# problems with 2.6.16

## mikegpitt

I'm trying to update my system with the 2.6.16-r3 gentoo-sources.  I'm using the same config as the 2.6.12 kernel that is the current default on my system.  I ran a make oldconfig, and also genkernel to compile and install the sources (as I usually do).

On boot I receive some udev errors (that aren't logged anywhere).  Also I can't get to the console.  The display switches to xdm, but it won't come up because I need to recompile the nvidia drivers (which is usual), but I can't switch to the console with ctrl+alt+fn1, 2, 3...
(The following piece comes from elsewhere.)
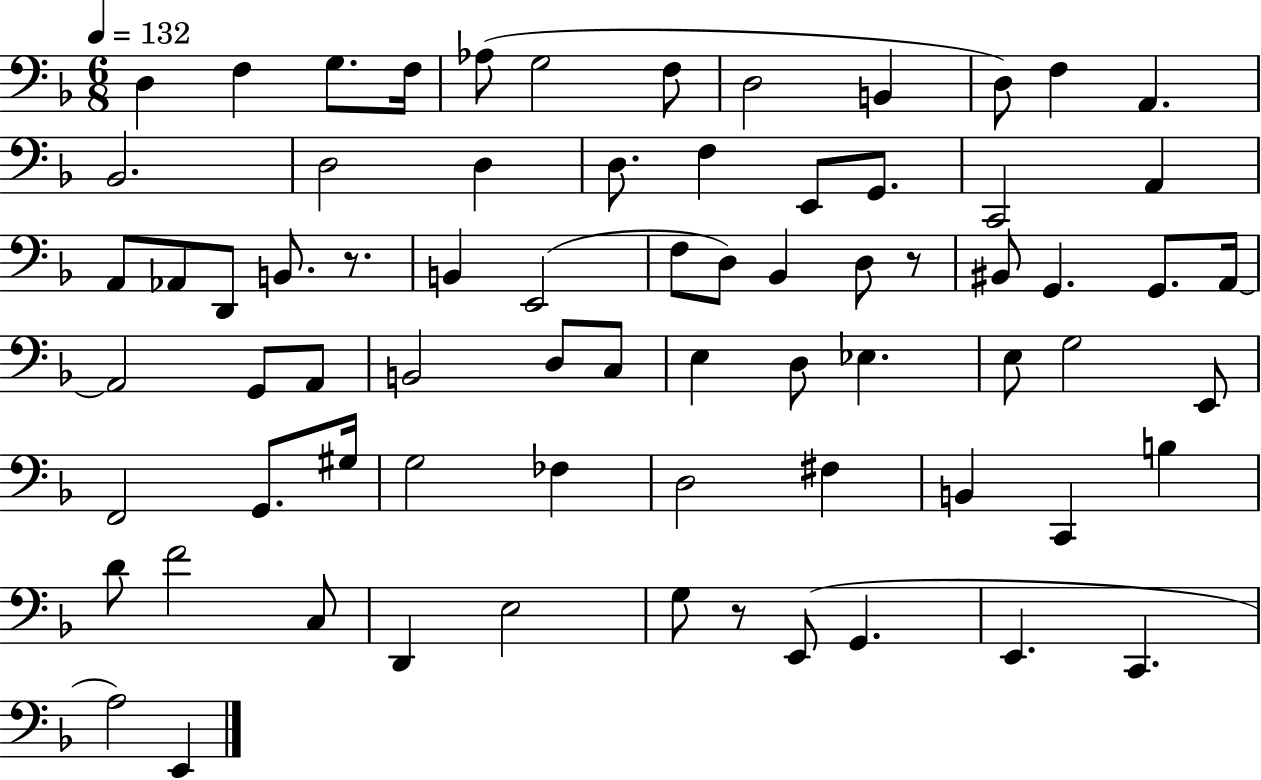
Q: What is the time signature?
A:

Any ideas what's going on?

----------

## davidgurvich

The format for .config has changed substantially.  You will need to manually configure the kernel.

----------

## mikegpitt

 *davidgurvich wrote:*   

> The format for .config has changed substantially.  You will need to manually configure the kernel.

 Shouldn't a make oldconfig handle this?  Maybe I'll try configuring again from scratch.

----------

## syg00

Had you converted to udev (from devfs) prior to the upgrade  ???. devfs disappeared as of 2.6.13, and you jumped over the point at which it was no longer supported.

See the udev guide in the gentoo doco site.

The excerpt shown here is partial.